Jadi bukan alasan mengatakan bahwa pengucapan syukur itu pemborosan. “Dari dulu torang senang deng pengucapan syukur. Memang kalu pengucapan ja kaluar doi banya. Tapi kan biasanya itu oras panen ato baru abis panen jadi nda brat. Torang so tabiasa dari dulu. Kalu perlu, jaoh-jaoh hari, dari Januari so ja sisihkan tu doi for pengucapan. Torang so tau bagimana depe cara mo persiapakan tu pengucapan,” aku Welem.

 

Pengamat sosial kemasyarakatan, Denni Pinontoan MTeol membenarkan, jika perayaan pengucapan syukur memang memiliki banyak nilai positif. “Ikatan kekeluargaan yang mungkin satu dan lain hal, berjauhan, karena masing-masing orang mengejar karir kemudian berpisah pada satu waktu.

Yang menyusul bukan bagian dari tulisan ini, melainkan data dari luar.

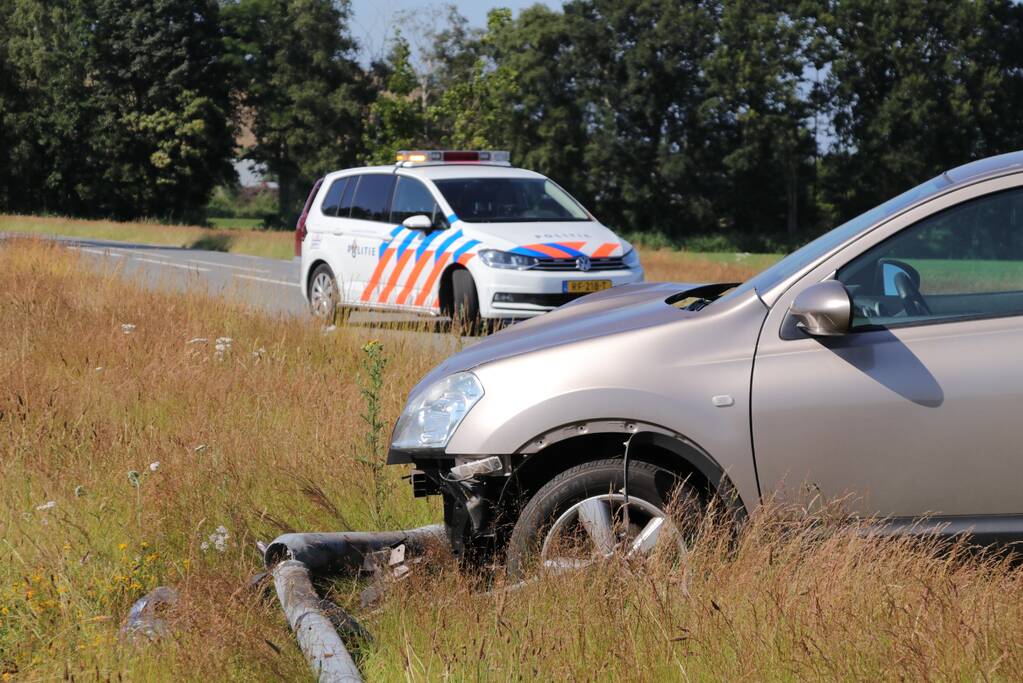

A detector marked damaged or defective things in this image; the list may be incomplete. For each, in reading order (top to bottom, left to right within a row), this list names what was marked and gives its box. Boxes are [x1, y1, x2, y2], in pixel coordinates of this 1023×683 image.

damaged silver suv [388, 152, 1023, 576]
bent metal pole [272, 560, 364, 683]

Dengan pengucaan syukur ikatan-ikatan kekeluargaan, persahabatan, terbangun kembali atau semakin dipererat,” nilainya.

 

Pengucapan syukur memiliki multiplayer effect. “Multiplayer effect terjadi ke dalam. Dari satu kampung menjual dan kampung lain membeli sehingga kapitalnya bergerak ke dalam sebab konsentrasi orang berbelanja bukan baju seperti perayaan natal dan tahun baru tapi bahan-bahan untuk dimakan oleh tamu. Bahan-bahan itu tersedia di antara komunitas itu. Di antara komunitas itu yang saling berbelanja,” urainya.

 

Akademisi UKIT ini membantah soal penilaian tentang pengucapan syukur adalah ‘pemborosan’. “Itu yang selalu diabaikan ketika melakukan analisa ekonomi. ‘Pemborosan’, itu kata munafik. Menurut siapa itu pemborosan, analsaisis ekonomi, sosiologis, teologis atau apa? Semuanya tidak kena. Analsis teologis, gereja menikmati itu. Ekonomis atau sosiologis apalagi. Fakta-fakta yang saya ungkapkan soal ikatan kekeluargaan dan kondisi ekonomi yang terjadi saat pengucapan syukur,  menepis itu,” tandasnya.

 

Ada dampak dari pengucapan syukur tapi masyarakat punya mekanisme sendiri soal itu. “Ada orang yang menyiapkan miras dan ada yang mengkonsumsi tapi masyarakat punya mekanisme sendiri untuk mengatur soal itu. Yang menyediakan sadar sehingga membantasi. Yang mengkonsumsi juga sadar karena itu membatasi mengkosumsi. Banyak cerita di masyarakat yang bisa jadi data, untuk menjawab semua asumsi negatif soal pengucapan syukur. Harus diakui, semua kegiatan pasti punya dampak. Di dalam gereja saja bisa terjadi hal-hal yang negatif,” tandas Pinontoan.